= Beginning of Section =
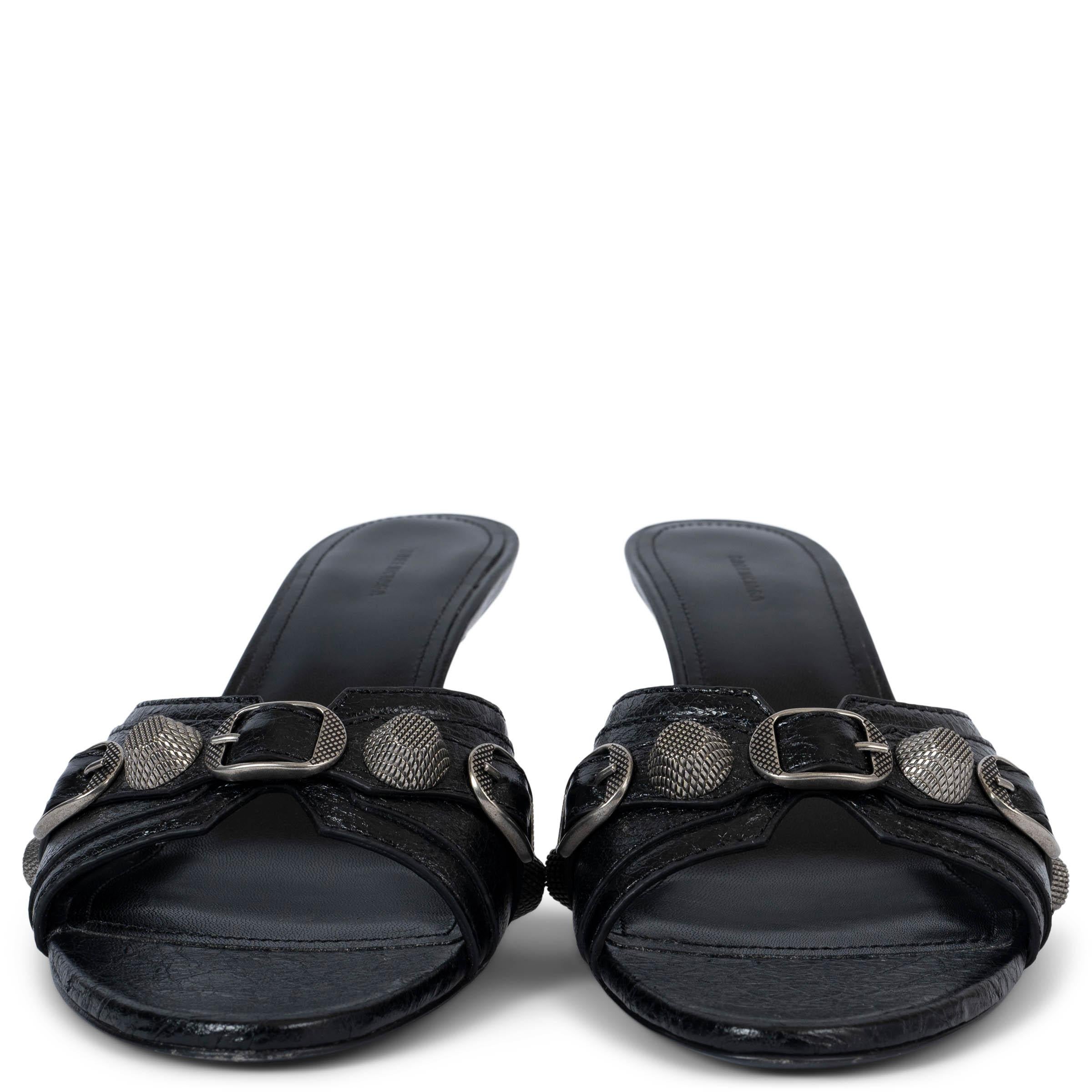 100% authentic Balenciaga Cagole 70 mules in black Arena lambskin featuring aged-silver studs and buckles on the upper. Have been worn once or twice and are in excellent condition. 

Measurements
Imprinted Size	38
Shoe Size	39
Inside Sole	26cm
= End of Section =
Repeat the material verbatim. Do not carry over any picture.

 100% authentic Balenciaga Cagole 70 mules in black Arena lambskin featuring aged-silver studs and buckles on the upper. Have been worn once or twice and are in excellent condition. 

Measurements
Imprinted Size	38
Shoe Size	39
Inside Sole	26cm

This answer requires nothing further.